Short web captions
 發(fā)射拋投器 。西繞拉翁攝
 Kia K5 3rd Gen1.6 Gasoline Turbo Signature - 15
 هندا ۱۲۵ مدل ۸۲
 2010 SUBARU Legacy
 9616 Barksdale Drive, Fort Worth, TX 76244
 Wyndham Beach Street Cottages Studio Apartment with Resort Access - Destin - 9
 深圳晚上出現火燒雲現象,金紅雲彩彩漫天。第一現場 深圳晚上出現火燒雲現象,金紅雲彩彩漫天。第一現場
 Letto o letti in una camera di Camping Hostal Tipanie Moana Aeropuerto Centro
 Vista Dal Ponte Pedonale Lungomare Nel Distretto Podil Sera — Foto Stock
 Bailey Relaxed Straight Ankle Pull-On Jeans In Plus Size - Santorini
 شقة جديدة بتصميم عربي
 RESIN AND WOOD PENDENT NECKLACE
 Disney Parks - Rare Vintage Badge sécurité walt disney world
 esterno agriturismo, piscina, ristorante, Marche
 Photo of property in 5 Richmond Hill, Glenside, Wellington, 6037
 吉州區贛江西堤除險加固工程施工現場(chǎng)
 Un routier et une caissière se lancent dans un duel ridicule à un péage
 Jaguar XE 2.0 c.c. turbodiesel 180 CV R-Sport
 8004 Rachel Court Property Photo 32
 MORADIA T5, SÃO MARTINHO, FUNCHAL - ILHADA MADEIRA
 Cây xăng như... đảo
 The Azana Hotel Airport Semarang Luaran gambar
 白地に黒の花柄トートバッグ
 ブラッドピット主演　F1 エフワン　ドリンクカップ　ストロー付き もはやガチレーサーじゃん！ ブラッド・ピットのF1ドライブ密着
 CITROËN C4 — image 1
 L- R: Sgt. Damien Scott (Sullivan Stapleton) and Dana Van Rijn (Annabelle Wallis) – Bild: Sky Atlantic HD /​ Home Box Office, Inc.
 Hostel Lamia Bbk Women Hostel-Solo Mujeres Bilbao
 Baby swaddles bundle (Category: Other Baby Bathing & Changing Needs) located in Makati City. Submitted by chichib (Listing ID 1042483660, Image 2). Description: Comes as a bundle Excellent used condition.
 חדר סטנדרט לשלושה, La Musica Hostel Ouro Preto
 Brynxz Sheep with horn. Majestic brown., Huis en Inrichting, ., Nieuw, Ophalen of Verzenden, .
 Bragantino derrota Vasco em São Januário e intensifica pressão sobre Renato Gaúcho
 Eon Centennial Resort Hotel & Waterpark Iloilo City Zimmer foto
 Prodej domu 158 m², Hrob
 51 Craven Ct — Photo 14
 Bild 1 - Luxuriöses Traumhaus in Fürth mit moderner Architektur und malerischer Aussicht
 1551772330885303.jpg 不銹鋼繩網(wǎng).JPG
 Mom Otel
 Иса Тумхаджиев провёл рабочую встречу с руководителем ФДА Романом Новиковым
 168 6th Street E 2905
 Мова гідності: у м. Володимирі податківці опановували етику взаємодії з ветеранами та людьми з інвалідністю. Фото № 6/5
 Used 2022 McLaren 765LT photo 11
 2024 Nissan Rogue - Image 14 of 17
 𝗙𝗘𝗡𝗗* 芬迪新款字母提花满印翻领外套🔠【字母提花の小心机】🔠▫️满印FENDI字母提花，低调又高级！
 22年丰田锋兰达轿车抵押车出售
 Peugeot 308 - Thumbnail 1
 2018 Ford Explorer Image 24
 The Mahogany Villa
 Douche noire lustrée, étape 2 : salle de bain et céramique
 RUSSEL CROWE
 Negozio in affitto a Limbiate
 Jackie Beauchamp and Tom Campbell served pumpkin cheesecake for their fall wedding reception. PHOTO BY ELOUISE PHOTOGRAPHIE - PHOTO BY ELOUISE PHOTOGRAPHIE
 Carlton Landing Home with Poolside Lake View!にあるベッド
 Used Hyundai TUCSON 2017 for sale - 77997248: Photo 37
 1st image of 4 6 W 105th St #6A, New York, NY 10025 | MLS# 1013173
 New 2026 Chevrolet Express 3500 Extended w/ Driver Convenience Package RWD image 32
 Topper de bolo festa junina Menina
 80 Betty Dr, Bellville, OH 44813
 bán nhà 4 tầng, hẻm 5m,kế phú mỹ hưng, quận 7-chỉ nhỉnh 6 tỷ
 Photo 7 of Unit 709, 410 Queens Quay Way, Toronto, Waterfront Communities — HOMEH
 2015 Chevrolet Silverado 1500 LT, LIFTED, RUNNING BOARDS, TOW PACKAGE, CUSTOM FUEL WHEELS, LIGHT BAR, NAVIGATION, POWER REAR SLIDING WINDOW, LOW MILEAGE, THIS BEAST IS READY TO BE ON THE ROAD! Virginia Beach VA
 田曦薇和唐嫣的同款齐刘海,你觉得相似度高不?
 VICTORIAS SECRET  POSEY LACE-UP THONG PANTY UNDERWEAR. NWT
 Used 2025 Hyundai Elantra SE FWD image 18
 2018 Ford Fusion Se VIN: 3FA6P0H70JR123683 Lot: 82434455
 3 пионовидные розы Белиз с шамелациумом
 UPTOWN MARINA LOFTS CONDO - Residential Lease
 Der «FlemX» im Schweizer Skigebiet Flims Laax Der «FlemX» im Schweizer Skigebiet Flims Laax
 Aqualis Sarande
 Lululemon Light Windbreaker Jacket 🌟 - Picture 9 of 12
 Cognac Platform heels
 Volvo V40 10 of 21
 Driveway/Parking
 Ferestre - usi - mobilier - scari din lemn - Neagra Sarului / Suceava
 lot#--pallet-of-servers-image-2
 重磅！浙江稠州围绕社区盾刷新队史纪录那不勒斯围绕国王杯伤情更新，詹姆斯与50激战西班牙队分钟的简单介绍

* _PROBLEM TO WORK ON_: The entire set of records should be returned exactly.

* _WRITTEN RESPONSE_:
 發(fā)射拋投器 。西繞拉翁攝
 Kia K5 3rd Gen1.6 Gasoline Turbo Signature - 15
 هندا ۱۲۵ مدل ۸۲
 2010 SUBARU Legacy
 9616 Barksdale Drive, Fort Worth, TX 76244
 Wyndham Beach Street Cottages Studio Apartment with Resort Access - Destin - 9
 深圳晚上出現火燒雲現象,金紅雲彩彩漫天。第一現場 深圳晚上出現火燒雲現象,金紅雲彩彩漫天。第一現場
 Letto o letti in una camera di Camping Hostal Tipanie Moana Aeropuerto Centro
 Vista Dal Ponte Pedonale Lungomare Nel Distretto Podil Sera — Foto Stock
 Bailey Relaxed Straight Ankle Pull-On Jeans In Plus Size - Santorini
 شقة جديدة بتصميم عربي
 RESIN AND WOOD PENDENT NECKLACE
 Disney Parks - Rare Vintage Badge sécurité walt disney world
 esterno agriturismo, piscina, ristorante, Marche
 Photo of property in 5 Richmond Hill, Glenside, Wellington, 6037
 吉州區贛江西堤除險加固工程施工現場(chǎng)
 Un routier et une caissière se lancent dans un duel ridicule à un péage
 Jaguar XE 2.0 c.c. turbodiesel 180 CV R-Sport
 8004 Rachel Court Property Photo 32
 MORADIA T5, SÃO MARTINHO, FUNCHAL - ILHADA MADEIRA
 Cây xăng như... đảo
 The Azana Hotel Airport Semarang Luaran gambar
 白地に黒の花柄トートバッグ
 ブラッドピット主演　F1 エフワン　ドリンクカップ　ストロー付き もはやガチレーサーじゃん！ ブラッド・ピットのF1ドライブ密着
 CITROËN C4 — image 1
 L- R: Sgt. Damien Scott (Sullivan Stapleton) and Dana Van Rijn (Annabelle Wallis) – Bild: Sky Atlantic HD /​ Home Box Office, Inc.
 Hostel Lamia Bbk Women Hostel-Solo Mujeres Bilbao
 Baby swaddles bundle (Category: Other Baby Bathing & Changing Needs) located in Makati City. Submitted by chichib (Listing ID 1042483660, Image 2). Description: Comes as a bundle Excellent used condition.
 חדר סטנדרט לשלושה, La Musica Hostel Ouro Preto
 Brynxz Sheep with horn. Majestic brown., Huis en Inrichting, ., Nieuw, Ophalen of Verzenden, .
 Bragantino derrota Vasco em São Januário e intensifica pressão sobre Renato Gaúcho
 Eon Centennial Resort Hotel & Waterpark Iloilo City Zimmer foto
 Prodej domu 158 m², Hrob
 51 Craven Ct — Photo 14
 Bild 1 - Luxuriöses Traumhaus in Fürth mit moderner Architektur und malerischer Aussicht
 1551772330885303.jpg 不銹鋼繩網(wǎng).JPG
 Mom Otel
 Иса Тумхаджиев провёл рабочую встречу с руководителем ФДА Романом Новиковым
 168 6th Street E 2905
 Мова гідності: у м. Володимирі податківці опановували етику взаємодії з ветеранами та людьми з інвалідністю. Фото № 6/5
 Used 2022 McLaren 765LT photo 11
 2024 Nissan Rogue - Image 14 of 17
 𝗙𝗘𝗡𝗗* 芬迪新款字母提花满印翻领外套🔠【字母提花の小心机】🔠▫️满印FENDI字母提花，低调又高级！
 22年丰田锋兰达轿车抵押车出售
 Peugeot 308 - Thumbnail 1
 2018 Ford Explorer Image 24
 The Mahogany Villa
 Douche noire lustrée, étape 2 : salle de bain et céramique
 RUSSEL CROWE
 Negozio in affitto a Limbiate
 Jackie Beauchamp and Tom Campbell served pumpkin cheesecake for their fall wedding reception. PHOTO BY ELOUISE PHOTOGRAPHIE - PHOTO BY ELOUISE PHOTOGRAPHIE
 Carlton Landing Home with Poolside Lake View!にあるベッド
 Used Hyundai TUCSON 2017 for sale - 77997248: Photo 37
 1st image of 4 6 W 105th St #6A, New York, NY 10025 | MLS# 1013173
 New 2026 Chevrolet Express 3500 Extended w/ Driver Convenience Package RWD image 32
 Topper de bolo festa junina Menina
 80 Betty Dr, Bellville, OH 44813
 bán nhà 4 tầng, hẻm 5m,kế phú mỹ hưng, quận 7-chỉ nhỉnh 6 tỷ
 Photo 7 of Unit 709, 410 Queens Quay Way, Toronto, Waterfront Communities — HOMEH
 2015 Chevrolet Silverado 1500 LT, LIFTED, RUNNING BOARDS, TOW PACKAGE, CUSTOM FUEL WHEELS, LIGHT BAR, NAVIGATION, POWER REAR SLIDING WINDOW, LOW MILEAGE, THIS BEAST IS READY TO BE ON THE ROAD! Virginia Beach VA
 田曦薇和唐嫣的同款齐刘海,你觉得相似度高不?
 VICTORIAS SECRET  POSEY LACE-UP THONG PANTY UNDERWEAR. NWT
 Used 2025 Hyundai Elantra SE FWD image 18
 2018 Ford Fusion Se VIN: 3FA6P0H70JR123683 Lot: 82434455
 3 пионовидные розы Белиз с шамелациумом
 UPTOWN MARINA LOFTS CONDO - Residential Lease
 Der «FlemX» im Schweizer Skigebiet Flims Laax Der «FlemX» im Schweizer Skigebiet Flims Laax
 Aqualis Sarande
 Lululemon Light Windbreaker Jacket 🌟 - Picture 9 of 12
 Cognac Platform heels
 Volvo V40 10 of 21
 Driveway/Parking
 Ferestre - usi - mobilier - scari din lemn - Neagra Sarului / Suceava
 lot#--pallet-of-servers-image-2
 重磅！浙江稠州围绕社区盾刷新队史纪录那不勒斯围绕国王杯伤情更新，詹姆斯与50激战西班牙队分钟的简单介绍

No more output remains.